The Board is committed to the highest level of corporate governance and has regard to the provisions of the UK Corporate Governance Code 2010. The directors aim to exercise affirmative control over the Group and its activities while recognising their responsibility to shareholders and other interested parties. The procedures implemented for applying these principles within the Group are set out below.
Board composition
The composition of the Board provides an appropriate blend of experience and qualifications. The Board meets formally 4 times a year, with its decisions implemented by the executive directors.
The re-appointment of directors is not intended to be automatic. Prior to each director offering himself to the members for re-election, his reappointment will have to be confirmed by the Chairman in consultation with the remainder of the Board.
The Board is supplied with timely and relevant information regarding the business, by regular and ad hoc reports, and this is supplemented by site visits and by meetings with members of the management team. Where appropriate, the company provides the resources to enable directors to update and upgrade their knowledge.
Risk management
The Board recognises that it has overall responsibility for the identification and mitigation of risks and the development and maintenance of an appropriate system of internal control. Accordingly, as part of the annual strategic review process, a topdown risk assessment will be undertaken.
The Board believes that, although some issues are outside its control, it requires clear strategies for identifying, dealing with and mitigating the impact of each of the identified risks.
Internal control
The directors keep under review the effectiveness of the system of internal control.

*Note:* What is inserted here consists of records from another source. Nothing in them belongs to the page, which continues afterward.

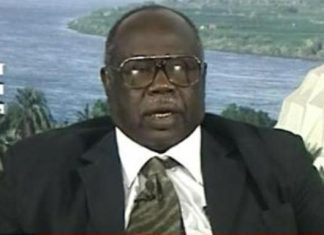 برلماني سابق لـ”أفريقيا برس”: الجيش على وشك أن يحسم المعركة برلماني سابق لـ"أفريقيا برس": الجيش على وشك أن يحسم المعركة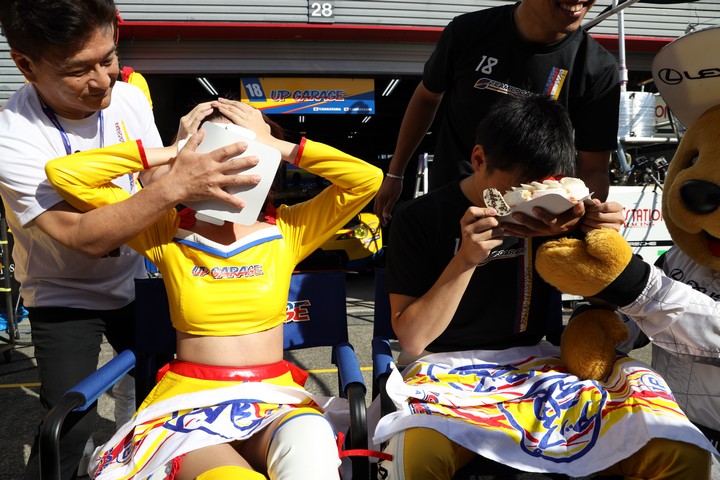 ピットウォーク: お約束。レースクイーンも巻き添え！　小林崇志（TEAM UPGARAGE）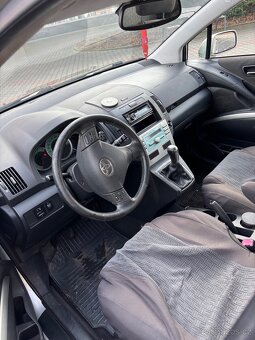 Toyota Corolla Verso - 5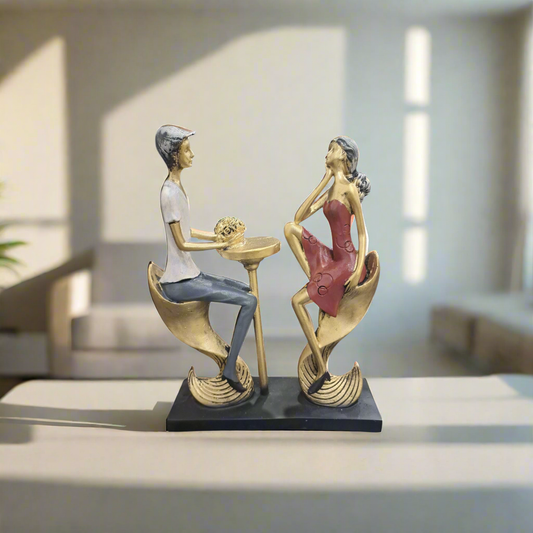 Street Couple Showpiece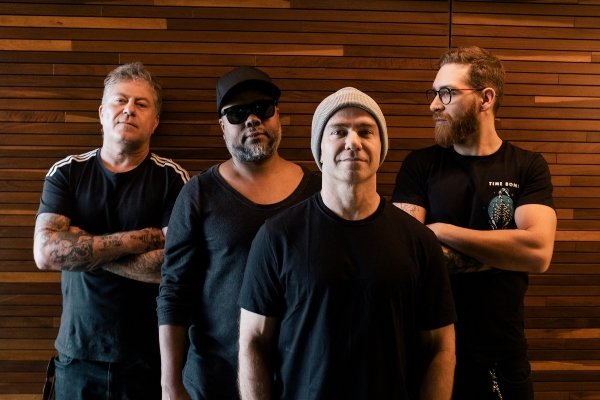 Tianastácia inaugura projeto novo do estúdio mineiro Sonastério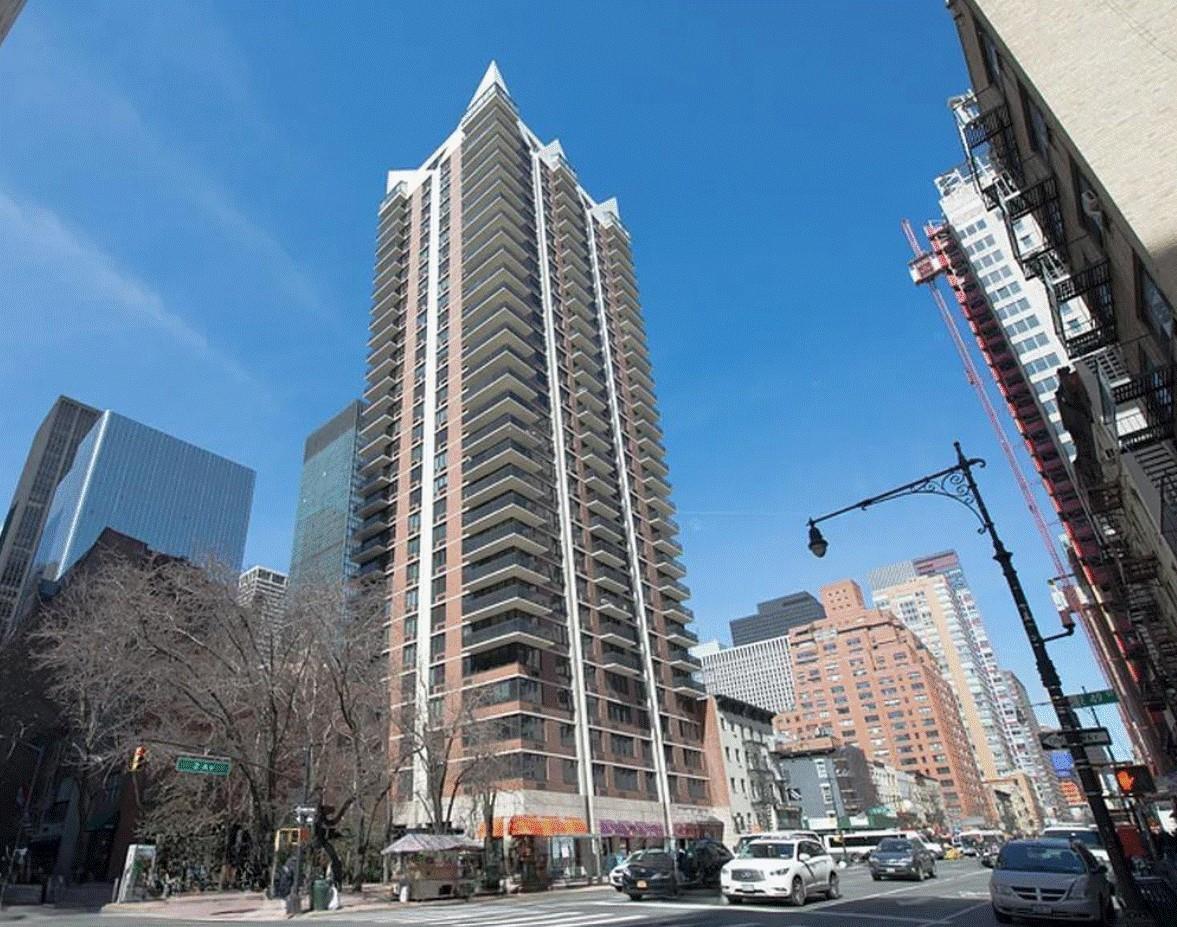 Condo East 49 St  Manhattan, NY 11017, MLS-835574-12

The Group's key internal controls are centred on:
- Comprehensive monthly reporting from all activities.
- Detailed annual budgets, plus revised trading and cash flow forecasts for the year prepared on a regular basis.
- A management structure with clearly defined responsibilities and authority limits.
- An ongoing process of risk assessment as noted above.
- Appraisal and authorisation procedures for capital expenditure.
There is established a formal schedule of matters, including major investment and development decisions and strategic matters, that are reserved for Board approval. Formal policies and procedures are in place covering operations, all elements of employment, health and safety and IT.
Internal control, by its nature, provides only reasonable and not absolute assurance against material misstatement or loss. The directors do, however, strive to ensure that internal control and risk management are further embedded into the operations of the business by dealing with areas for improvement as they are identified.
The Board believes that given the company's current size, where close control over operations will be exercised by the executive directors, the benefits likely to be gained from an internal audit function would be outweighed by the costs of establishing such a function. The Board will keep this requirement under review in relation to the ongoing size and complexity of the business.
Shareholder relations
The company places considerable importance on communication with its shareholders.
The executive directors already have a programme of meetings with the main shareholder. Meetings with institutional shareholders are arranged by request and at these meetings the company's strategy and most recently reported performance are explained.
The company's Annual General Meeting is also used as an opportunity to communicate with private investors. In addition, a period for questions will be made available for shareholders at the Annual General Meeting.
Business standards
The company does not condone any form of corrupt behaviour in business dealings and has disciplinary procedures in place to deal with any illegal or inappropriate activities by employees.